• [DESCRIPTION OF THE TASK] The lines from the one containing "Elizabeth's Rivals: The" through the last line below, both ends included, must be reproduced exactly, with no pictures.

• [INFORMATION PROVIDED]
────────
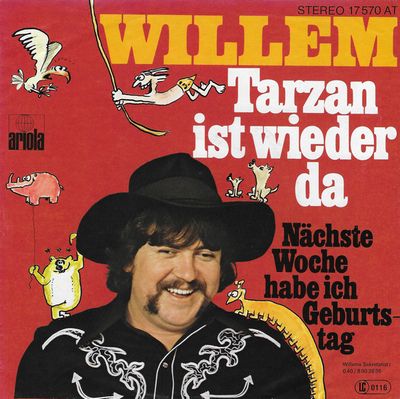 Willem - Tarzan Ist Wieder Da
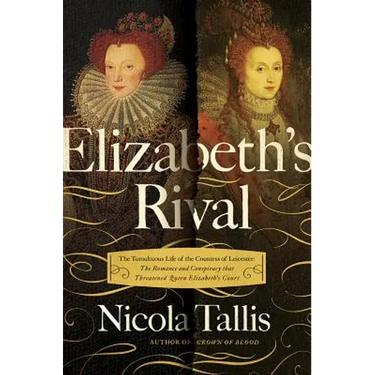 Elizabeth's Rivals: The Tumultuous Life of the Countess of Leicester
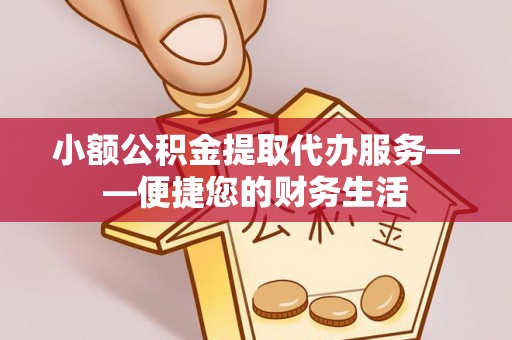 嵩县小额公积金提取代办服务——便捷您的财务生活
────────
• [ANSWER SPACE]
 Elizabeth's Rivals: The Tumultuous Life of the Countess of Leicester
 嵩县小额公积金提取代办服务——便捷您的财务生活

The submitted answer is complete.